ALL OF THE DEMOCRATIC presidential candidates have committed to rejecting the influence of special interests. To demonstrate their resolve, several of the candidates have promised to power their White House ambitions without a single dollar of lobbyist money.
In the waves of small-dollar donations reported on Monday — the first financial disclosure reporting period of the 2020 presidential race — lobbyist money had made its way into the coffers of major candidates' campaigns.
Beto O'Rourke is one of the candidates who had pledge to run a campaign financed only by regular people — "not PACs, not lobbyists, not corporations, and not special interests." His latest filing, however, shows that he accepted donations from a federal utility-company lobbyist and a top Chevron lobbyist in New Mexico.
Sen. Kamala Harris, D-Calif., has also collected donations from registered corporate lobbyists in South Carolina, New York, and California. Several technology lobbyists from San Francisco have given to her campaign. Another Harris donor, Robert Crowe, from the firm, Nelson Mullins Riley & Scarborough, is a federal lobbyist who has worked to influence Congress on behalf of pipeline firm EQT Corporation and Alphabet, the parent company of Google.
Sen. Cory Booker, D-N.J., similarly announced that he would eschew campaign donations from federal lobbyists, and his campaign appears to be making most of the caveat about "federal" lobbyists. Though he has returned donations from lobbyists registered under the federal government's system, Booker has taken half a dozen donations from lobbyists registered under state and municipal lobbyist registration laws, but who do not appear in federal disclosures.
The pledge to reject lobbyist cash is completely voluntary and self-defined. O'Rourke has made blanket statements that he will reject all donations from lobbyists. Harris has made promises in emails to her supporters to reject all lobbyist donations and, in other emails, to only reject donations from federal lobbyists. Booker's campaign website only specifies that he will not accept money from federal lobbyists.
The flow of lobby cash comes in many forms. Some comes from registered lobbyists, others from individuals who are clearly lobbyists but have chosen not to register with a federal system rife with loopholes.
The Lobbying Disclosure Act, which governs the criteria over federal lobbyist registration, is notoriously easy to evade and historically poorly enforced. Many professional corporate influence peddlers — well-aware of the porous definitions set out in the statute — simply choose not to register.
https://theintercept.com/2019/04/17/democratic-candidates-lobbyist-donations/
A great read. Money and corporate influence comes in a lot of forms and its notoriously easy to skirt the books off the record.
This highlights how our political system is so broken. And the politicians have read the air of discontent around this issue and try to give the appearance of no corruption when they run for Prez. Well atleast some of the dems do. GOP clearly have no qualms with putting their donors out in the open.

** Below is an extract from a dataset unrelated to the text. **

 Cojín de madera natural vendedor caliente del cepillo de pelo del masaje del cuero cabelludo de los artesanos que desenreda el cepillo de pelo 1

The worst part about this is that these candidates are trying to be sleazy. If you wanna make an argument that you have to take money and do favors and be corrupt to get anywhere in Washington, i dont like it, but that's atleast being honest to a specific stance. Don't try and trick people as if your some clean grassroots person.
This along with Beto cooking his books on how much he raised despite bundling in GE funds that cant be used unless he wins the nomination just rub me the wrong way.